Ancak bu umutlar hala gerçekleşmedi ve ateşkes Gazze bölgesinden başlayarak bütün Batı Şeria’da uygulanamadı.   Bazı Filistin örgütleri memnuniyetsizliklerinin ifadesi olarak , her gün birkaç Kassam roketini Sderot’a ve civarına atıyorlar.  Bu salı sabahına kadar, atılan 17 Kassam roketi can kaybına ve hasara neden olmadı.
İsrail güvenlik güçleri ateşkesin Batı Şeria’da uygulanamamasının nedenini şöyle açıklıyorlar: “Nablus, Cenin ve Tul Karem gibi Batı Şeria kentlerinde faal olan bazı radikal örgütler var ve intihar saldırıları hazırlığındalar.  İsrail baskı uygulasaydı, tutuklamalar yapsaydı, ölü  ve yaralanmalara neden olan çatışmalar yaşanacaktı.”

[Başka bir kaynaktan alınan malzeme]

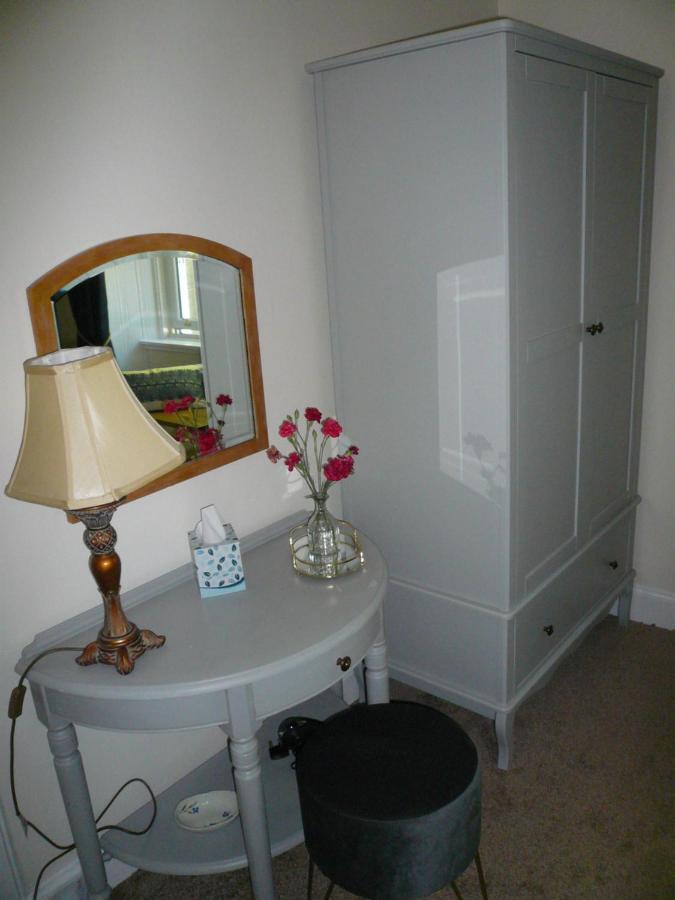 Woodburn Ground-Floor Apartment In Quiet Setting In 皮特洛赫里 外观 照片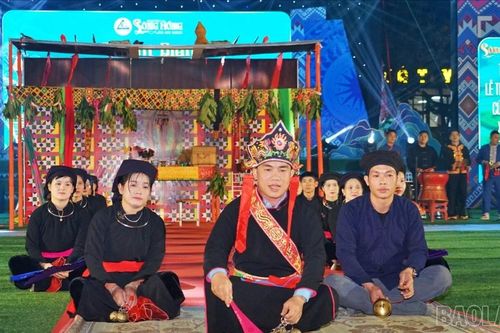 Đặc sắc màn trình diễn nghi thức sinh hoạt văn hóa dân gian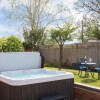 Отель Cotswold Barn Conversion With Private Hot Tub, фото 8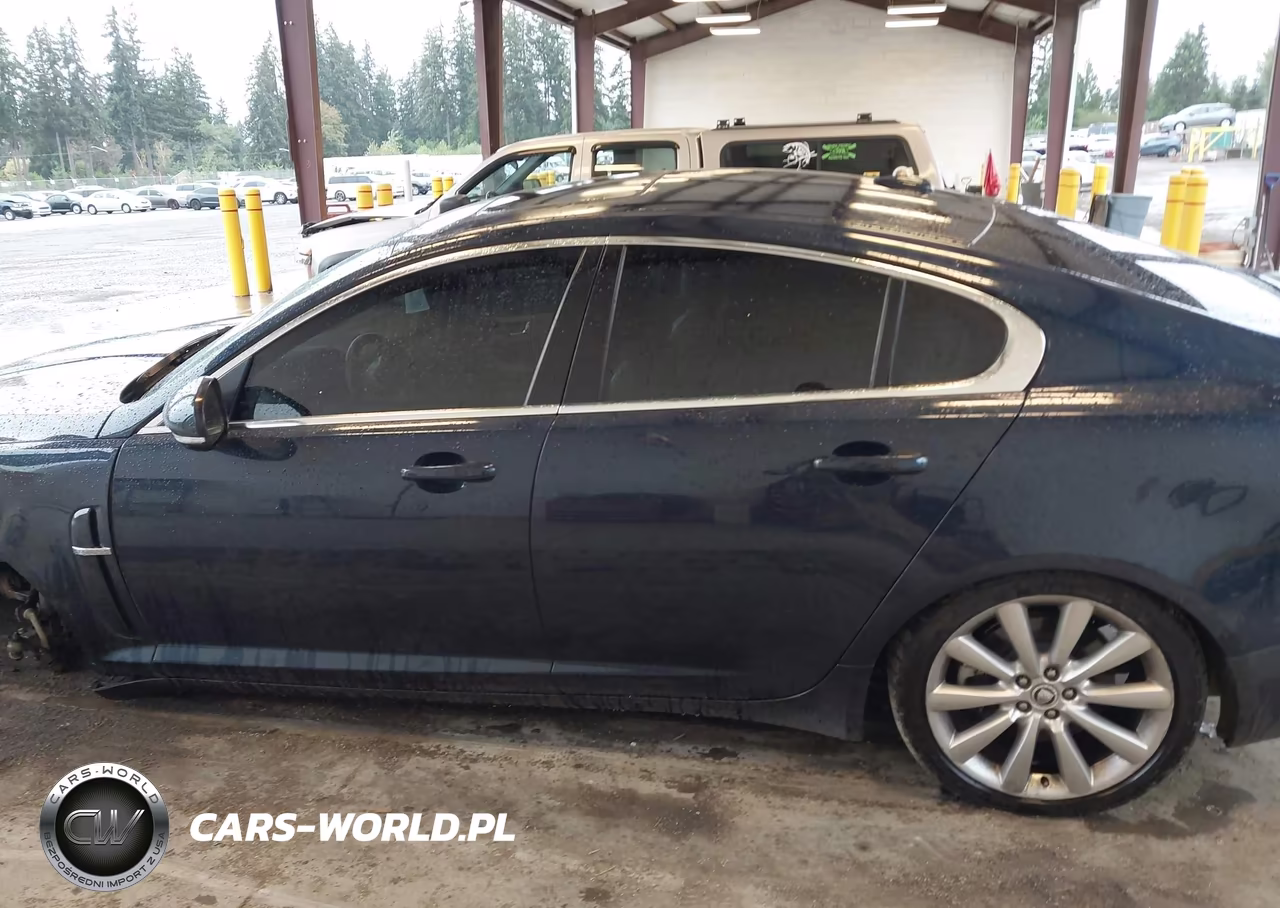 2010 Jaguar Xf Premium VIN:SAJWA0GB6ALR58110 - 15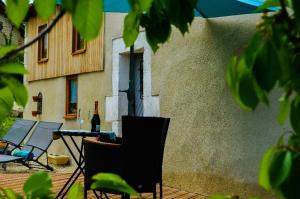 Chalets 17th C French Pigeonaire - magical romantic couples retreat : photos des chambres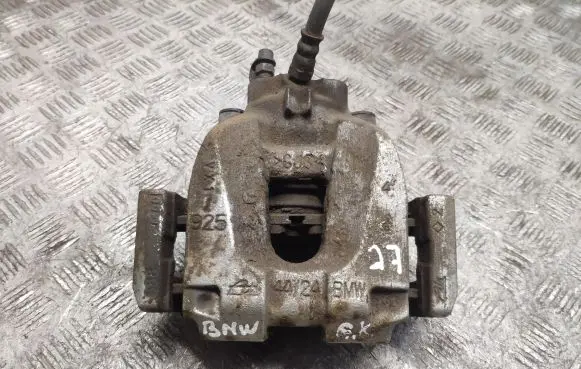 Rear brake caliper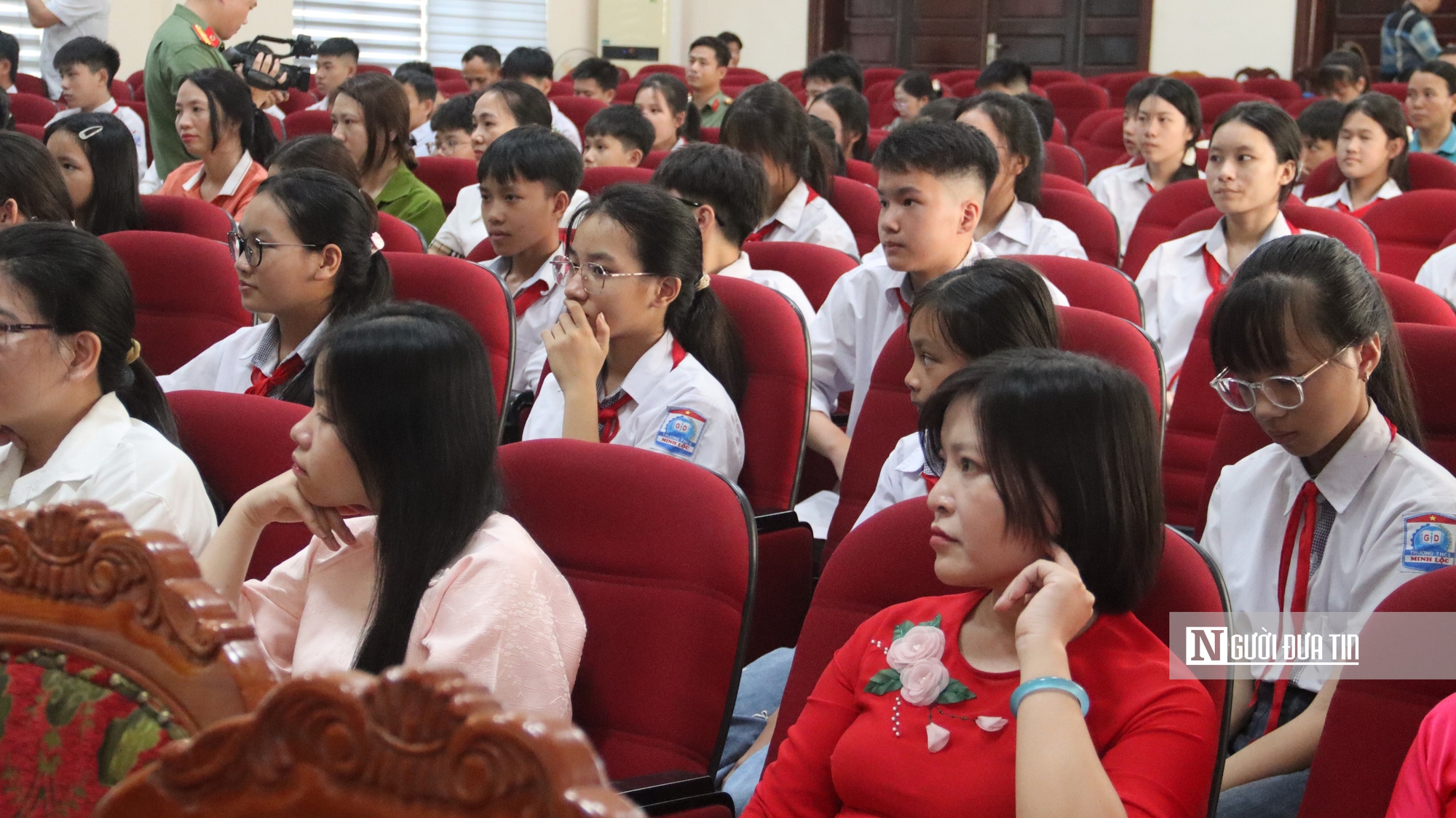 Lan tỏa văn hóa đọc từ những cuốn sách được trao tặng- Ảnh 3. Lan tỏa văn hóa đọc từ những cuốn sách được trao tặng- Ảnh 3.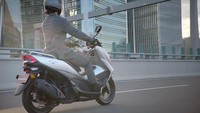 Apakah Haojue UHR 150 akan menjadi Suzuki Burgman 150? Suzuki sendiri belum memberikan pernyataan apapun. Namun indikasi bahwa Suzuki bakal menggunakan Haojue UHR 150 sebagai model skutiknya sangat kuat. Apalagi Suzuki belum memiliki model untuk berkompetisi di segmen skutik 150 cc. Foto: Tangkapan layar YouTube Haojue Motos do Brasil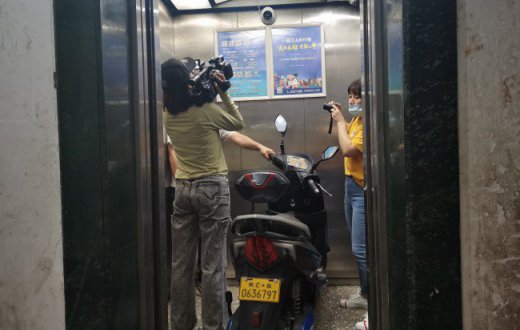 智能神器—电动车阻行装置走进宝光小区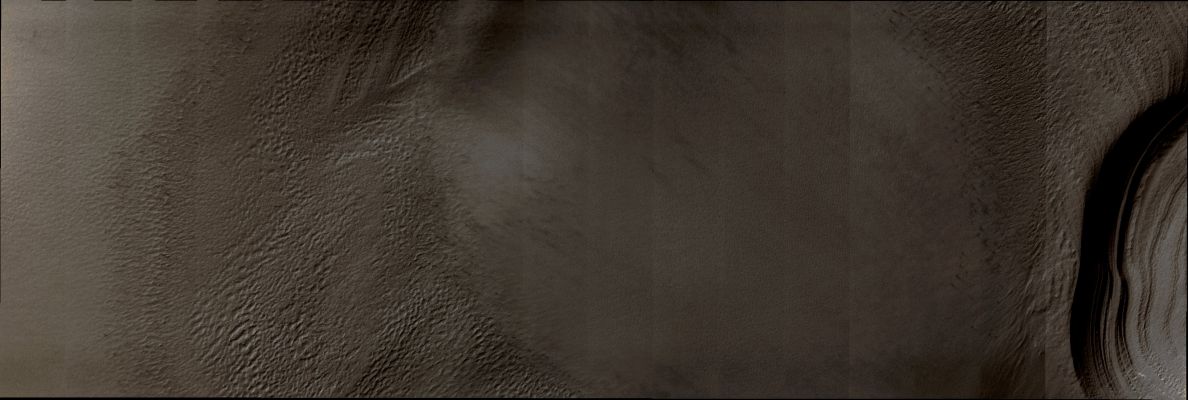 South Polar Layers (Absolute Natural Colors; credits for the additional process. and color.: Dr Paolo C. Fienga - Lunexit Team)
Orbit Number: 41762 
Latitude: 86,007° South
Longitude: 101,902° (East) 
Instrument: VIS 
Captured: May, 14th, 2011
Mars Local Time: 23:17 (Late Evening Hours)


Parole chiave: Mars from orbit - South Polar Features - Layers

 Bu nedenle Batı Şeria’da tam bir ateşkes uygulanamıyor.  Olmert, Dışişleri Bakanı Tsipi Livni’nin desteği ile Batı Şeria’da ılımlı ve ölçülü bir politika uyguluyor. Gazze bölgesinden  bir hafta içinde 17 Kassam roketi  atılmasına İsrail hiçbir tepki vermedi.  Netanyahu ve diğer sağ kesim politikacılarının eleştirilerine Olmert, şu yanıtı verdi: “ Kasım ayına oranla, atılan roket sayısında %90’lık bir azalma var. Bu çok önemli bir gelişme. Misilleme olarak ateş açsaydık ne olacaktı? Roketlerin atılmasını engelleyebilir miydik? Deneyim aksini gösteriyor. Bu nedenle roketlere tepki göstermeme kararı aldık. Bu karar, atılan roketlerin sayısını giderek azaltacak.”
 Zaten tam bir ateşkese varmak için, FÖY’de Ulusal Birlik Hükümeti’nin kurulması, tutukluların özgür bırakılması gibi bir çok koşulların yerine getirilmesi gerekiyor. Şimdilik bundan çok uzağız, azla yetinmek zorundayız.

İsrail ekonomisinde gelişmeler
Uzun seneler İsrailliler ordularından gurur duyarlarken ekonomik durumlarını hep eleştirirlerdi. Oysa günümüzde tam tersi yaşanıyor.
Günümüzde İsrail halkı  özellikle Baş Denetçi tarafından yayınlanan rapordan sonra orduyu eleştiriyor. Rapora göre  ordudaki yüksek rütbeli subayların performansının istenilen seviyede olmamasının nedeni kötü eğitim verilmesi.   Albay ve daha yüksek rütbeli subayların savaş yönetimi ile ilgili yüksek seviyedeki kursları  geçemediği, söz konusu subayların iş idaresi konusundaki kurslara gitmeyi tercih ettikleri açıklandı.
Belki de Lübnan Savaşı’na rağmen, ekonomi alanındaki bu ilgi sonucu İsrail ekonomisi yıl sonuna geldiğimiz bu günlerde şaşırtıcı sonuçlar gösteriyor. Şekel son derece kuvvet kazandı ve bundan 3 sene önce 5 şekel olan 1 dolar günümüzde sadece 4,23 şekel ediyor. Ama en şaşırtıcı olanı İsrail tarihinde ilk kez bütçe artı gösteriyor. Mal ve hizmet ihracatı 1,5 milyar Dolar’ı aştı. İsrail’deki yatırımlar 20 milyar Dolar’ı geçmiş durumda. Lübnan Savaşı bitiminden bu yana  İsrail borsası %23 artış gösterdi. Her ne kadar işsiz oranı hala %8,3 gibi yüksek bir rakam ise de %10,7 olan 3 sene öncesine göre düşüş gösterdi.Birçok ekonomiste göre böyle bir gelişmenin nedeni ekonomide yapılan reformlar ve liberal ekonomi uygulamasıdır.

Sinirlioğlu İsrail’den ayrılıyor
 4,5 yıllık görev süresini tamamlayan Türkiye’nin İsrail Büyükelçisi Feridun Sinirlioğlu, bu hafta Perşembe akşamı Kfar Shmaryahu’daki konutunda İsrail’de kazandığı dostlarına veda edecek.
Büyükelçi Sinirlioğlu, zaman zaman  zor dönemlerde ülkesini İsrail’de başarıyla temsil etti. Kendisinin görevde bulunduğu süreçte iki ülkede de iktidarlar değişti, bazı anlaşmazlıklar yaşandı. Ama öyle görünüyor ki, tüm güçlüklere çözümler bulundu ve iki devletin ilişkileri daha da pekiştirildi.
Bu sonuçta Sinirlioğlu’nun kuşkusuz önemli bir rolü var.  Deneyimli bir diplomat olan Büyükelçi, sıcak kişiliğiyle kendini sevdirdi.
Ayrıca  Şalom Gazetesi’nin sadık bir okuru olan Büyükelçi Sinirlioğlu “gazeteyi okurken çok şey öğreniyorum” diyor.